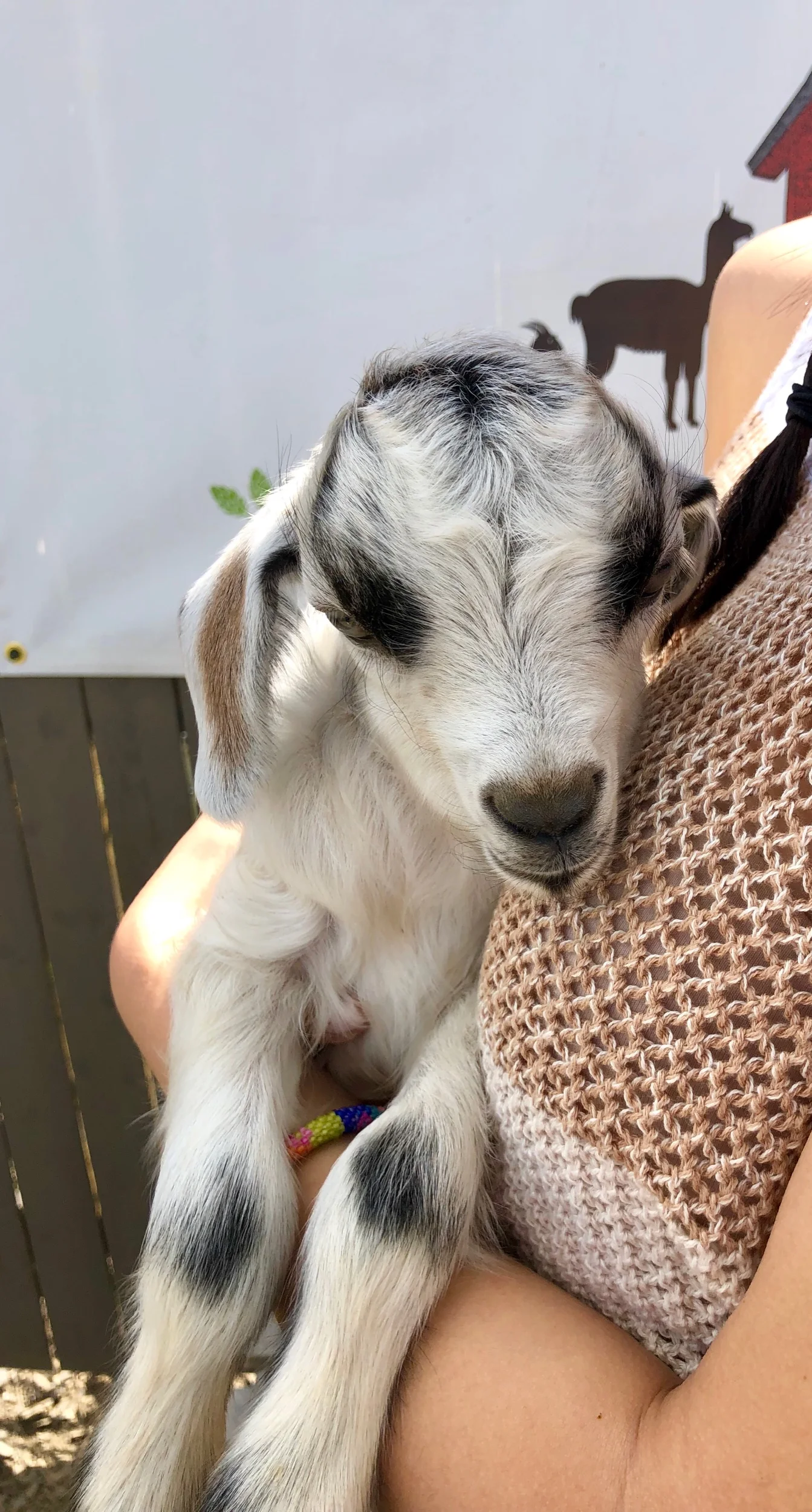 Lyle the Pygora Goat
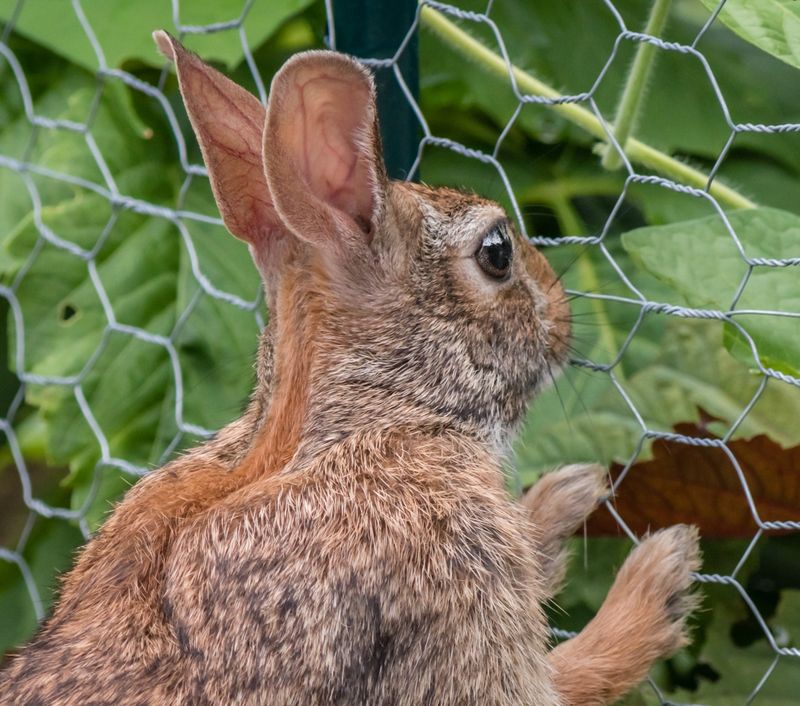 Protecting Blooms From Deer and Rabbits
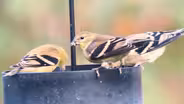 Autumn Birding with Sharon Stiteler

Work request: Please transcribe the whole listing above exactly, with the images left out.

Solution to the exercise:
 Lyle the Pygora Goat
 Protecting Blooms From Deer and Rabbits
 Autumn Birding with Sharon Stiteler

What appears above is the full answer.